TASK GOAL: The full set of lines below has to be duplicated exactly, with no picture kept.
(GIVEN DATA)
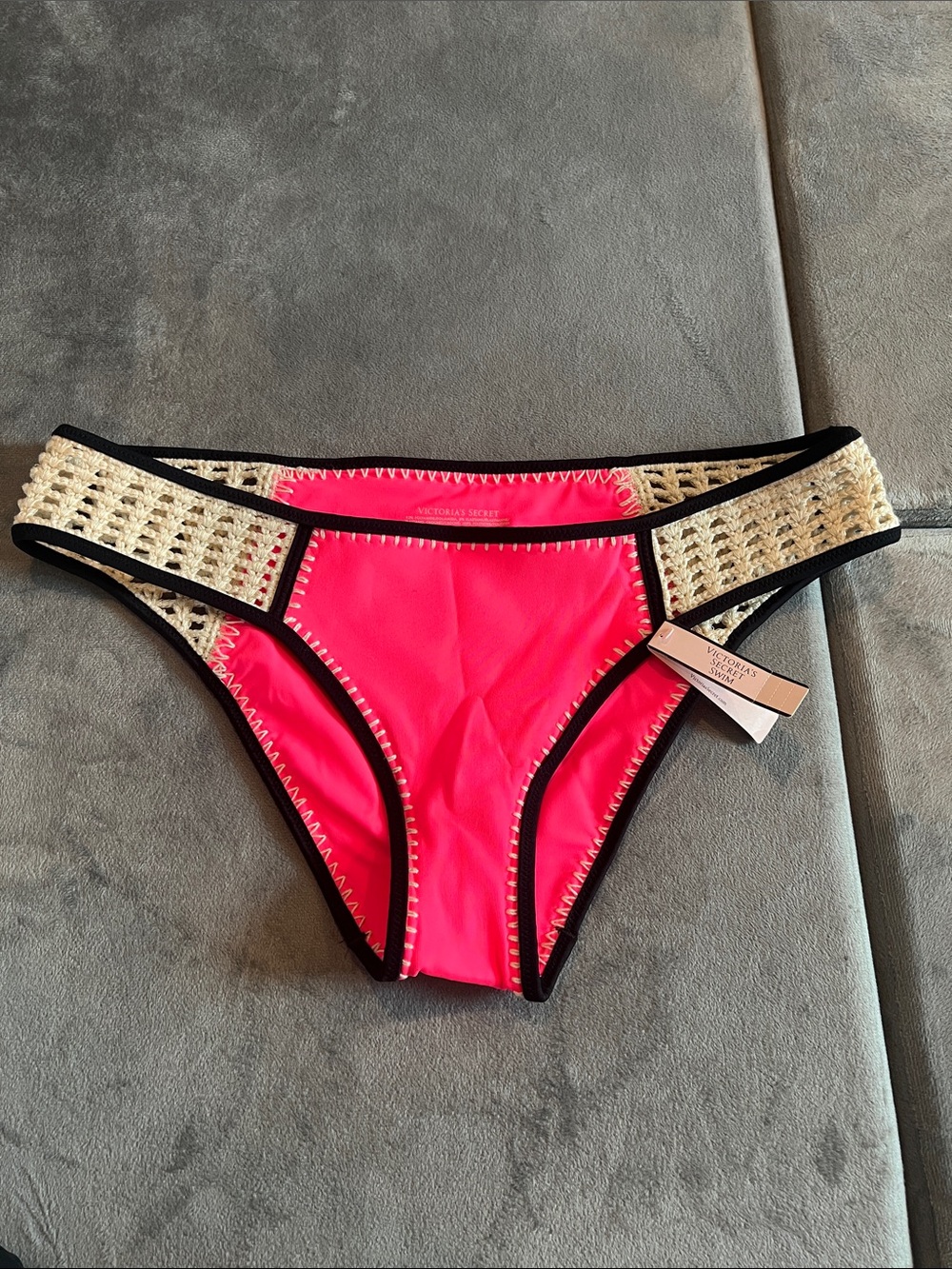 Victoria's Secret Neon Pink Crochet-Trim Bikini Bottoms- NWT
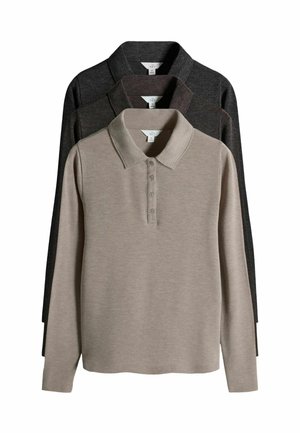 Drei langärmelige Poloshirts in verschiedenen Farben: hellbeige, dunkelgrau und schwarz. Mit einer geknöpften Knopfleiste und weichem, strukturiertem Stoff.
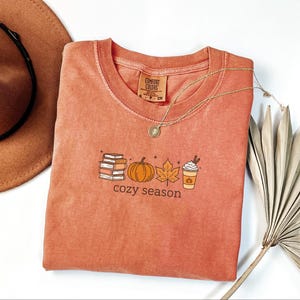 May include: A coral-coloured t-shirt with a crew neck and the words "cozy season" printed on the front. The graphic includes a stack of books, a pumpkin, a maple leaf, and a coffee cup. A gold necklace and a brown hat are also in the image.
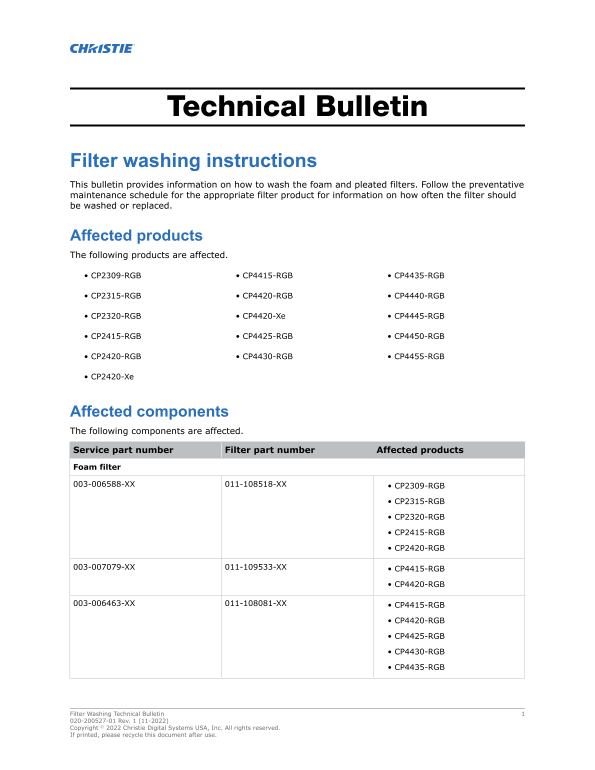 Christie Filter Washing Instructions Technical Bulletin - Page 1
(End GIVEN DATA)
REPLY TO THE EXERCISE:
 Victoria's Secret Neon Pink Crochet-Trim Bikini Bottoms- NWT
 Drei langärmelige Poloshirts in verschiedenen Farben: hellbeige, dunkelgrau und schwarz. Mit einer geknöpften Knopfleiste und weichem, strukturiertem Stoff.
 May include: A coral-coloured t-shirt with a crew neck and the words "cozy season" printed on the front. The graphic includes a stack of books, a pumpkin, a maple leaf, and a coffee cup. A gold necklace and a brown hat are also in the image.
 Christie Filter Washing Instructions Technical Bulletin - Page 1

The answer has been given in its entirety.